- _THE PROBLEM_:
Starting at the line containing "sunnyburn boy online" and ending at the line containing "FUSION NIACINAMIDE 5.0", transcribe the listing below exactly. Keep both end lines, skip the pictures, and copy nothing else.

- _RECORDS SUPPLIED_:
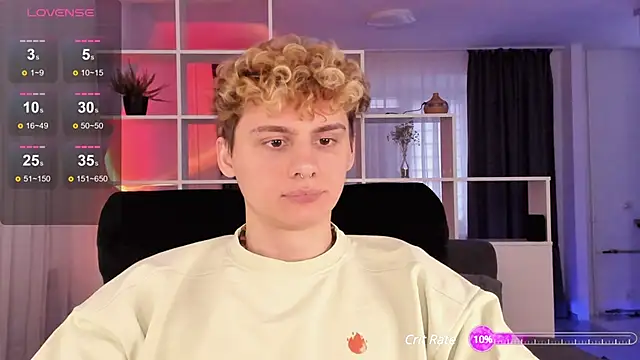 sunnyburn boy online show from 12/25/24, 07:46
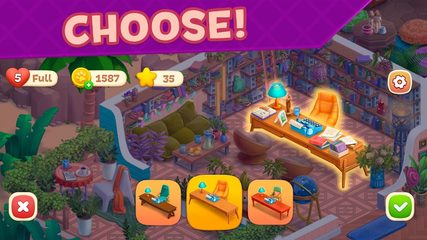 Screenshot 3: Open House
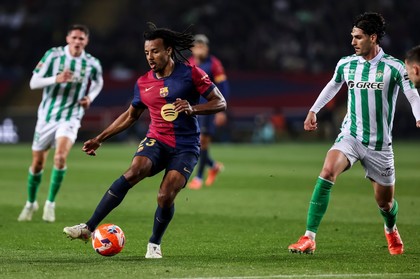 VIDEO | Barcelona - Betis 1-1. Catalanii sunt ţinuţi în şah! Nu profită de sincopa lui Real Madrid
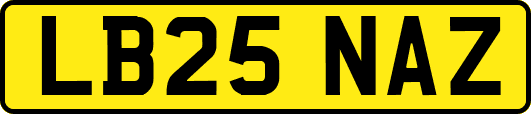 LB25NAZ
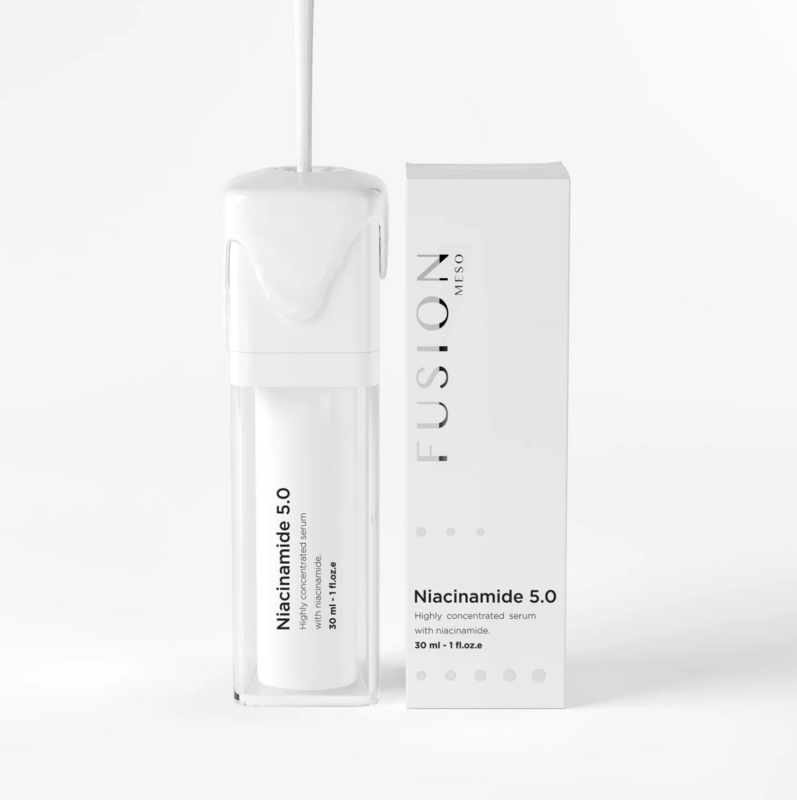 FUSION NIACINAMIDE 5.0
* * *
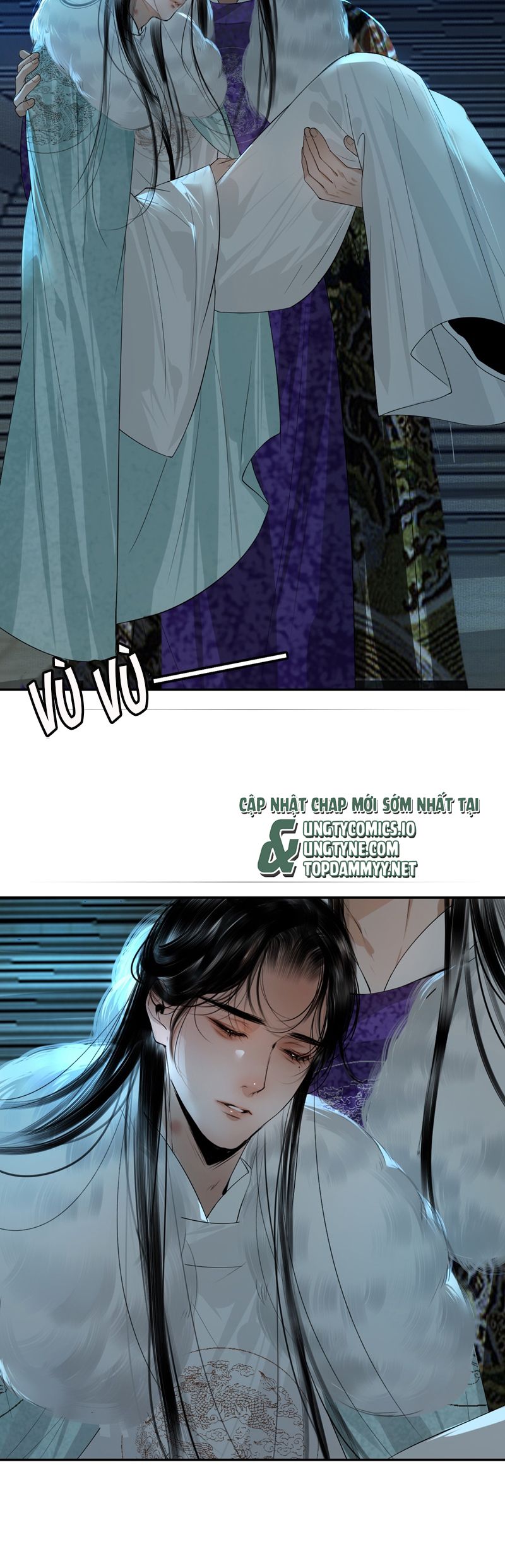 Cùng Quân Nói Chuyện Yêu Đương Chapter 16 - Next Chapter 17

- _RESPONSE TO THIS EXERCISE_:
 sunnyburn boy online show from 12/25/24, 07:46
 Screenshot 3: Open House
 VIDEO | Barcelona - Betis 1-1. Catalanii sunt ţinuţi în şah! Nu profită de sincopa lui Real Madrid
 LB25NAZ
 FUSION NIACINAMIDE 5.0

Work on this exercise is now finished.